- **Supplied information**
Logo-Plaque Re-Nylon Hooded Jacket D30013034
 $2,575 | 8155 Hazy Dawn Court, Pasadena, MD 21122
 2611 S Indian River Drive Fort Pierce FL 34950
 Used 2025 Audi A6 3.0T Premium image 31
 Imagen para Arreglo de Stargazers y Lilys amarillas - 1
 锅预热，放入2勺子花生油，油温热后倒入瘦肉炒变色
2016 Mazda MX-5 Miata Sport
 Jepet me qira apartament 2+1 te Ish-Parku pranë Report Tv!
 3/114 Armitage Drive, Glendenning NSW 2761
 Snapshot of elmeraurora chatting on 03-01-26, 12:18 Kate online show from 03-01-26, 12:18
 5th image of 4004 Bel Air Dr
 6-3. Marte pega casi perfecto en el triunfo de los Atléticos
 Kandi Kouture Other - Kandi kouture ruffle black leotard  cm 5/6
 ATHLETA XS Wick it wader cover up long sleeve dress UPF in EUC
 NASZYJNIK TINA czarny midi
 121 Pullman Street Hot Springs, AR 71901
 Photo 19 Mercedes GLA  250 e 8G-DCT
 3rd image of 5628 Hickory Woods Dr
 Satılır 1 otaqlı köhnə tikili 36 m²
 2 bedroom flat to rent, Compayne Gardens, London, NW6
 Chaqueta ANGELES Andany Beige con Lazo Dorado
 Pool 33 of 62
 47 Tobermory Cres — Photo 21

- **Requirement**
The lines to return are those in the records above that hold the word "Photo".

- **Result below**
 Photo 19 Mercedes GLA  250 e 8G-DCT
 47 Tobermory Cres — Photo 21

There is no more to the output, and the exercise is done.